Astrophysical neutrinos are fascinating mysteries. In theory they could tell us a lot about what’s happening in the universe, but first we need to know how and where they are produced. The sun and supernovae produce some of the astrophysical neutrinos, but IceCube has detected others with energies way too high to be from those sources—these are the especially interesting ones. “While IceCube has seen neutrinos from outside our galaxy before, we have never been able to attribute them to a specific source,” explains Karen Andeen, a team member from Marquette University. Until now.
When IceCube detected the high-energy neutrino last September, it automatically sent alerts with information on the neutrino’s path and energy to several other observatories.
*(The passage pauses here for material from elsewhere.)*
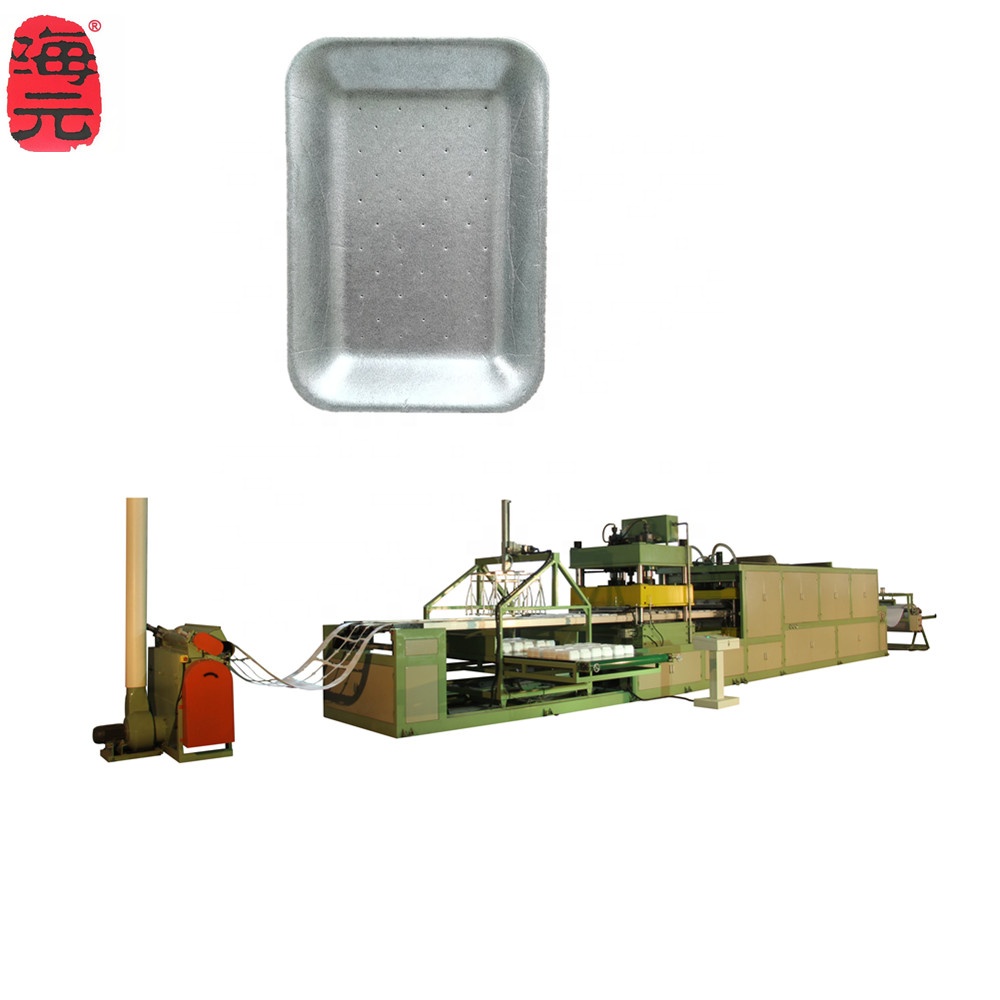 White Styrofoam Food Box Forming Machine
Why? By turning many different kinds of telescopes and detectors toward the patch of sky where a high-energy neutrino originates, astronomers hope to converge on a likely source. This time, for the first time, they did—identifying the likely source as a galaxy named TXS 0506+056.
After receiving the alert, two gamma ray telescopes, the Major Atmospheric Gamma Imaging Cherenkov Telescopes (MAGIC) in the Canary Islands and the space-based Fermi Gamma-ray Space Telescope, turned their attention to TXS 0506+056 and saw a very-high-energy gamma ray signal—just the signal you would expect from a neutrino-producing source. Other telescopes looked too, and together this team of observatories across the world constructed a picture of TXS 0506+056 in wavelengths ranging from gamma rays to radio waves.
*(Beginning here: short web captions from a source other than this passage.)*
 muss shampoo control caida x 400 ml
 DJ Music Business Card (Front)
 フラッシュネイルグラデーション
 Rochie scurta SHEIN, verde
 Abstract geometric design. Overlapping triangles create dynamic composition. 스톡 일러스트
The bottom line: It’s bright across the spectrum. TXS 0506+056 is 4 billion light years away so you can’t see it with the naked eye, but it’s actually one of the most luminous objects in the sky. The galaxy is a blazar, a large galaxy with a massive, rotating black hole at its core that emits jets of high-energy particles. Observations show a blazar flare, an especially bright signal across a range of wavelengths, happening right around the time that the neutrino arrived at IceCube.
To make sure that the flare and the neutrino’s arrival weren’t just a coincidence, the scientists looked at the problem from another angle. IceCube scientists went back through all of their data—nearly ten years of it—and examined all high-energy neutrinos originating from the same patch of sky as the September 2017 neutrino. They noticed that between September 2014 and March 2015, IceCube detected significantly more than usual coming from that direction—likely from another flare by the same blazar.
Together, these results provide convincing evidence that blazars are a source of high-energy neutrinos, although not definitive proof. “This is not a slam dunk, but it is certainly compelling,” says Andeen. Andeen credits the collaboration of multinational experiments, known as the multimessenger astronomy community, for this achievement. “Science on this scale is a fantastic example of something that is a truly a global undertaking,” she says. “[W]e need each other to make the next big leaps in understanding. We are entering a new era!”
This research was published today in two companion papers in Science, a journal published by AAAS, the American Association for Advancement of the Sciences. You can access the papers for free at sciencemag.org.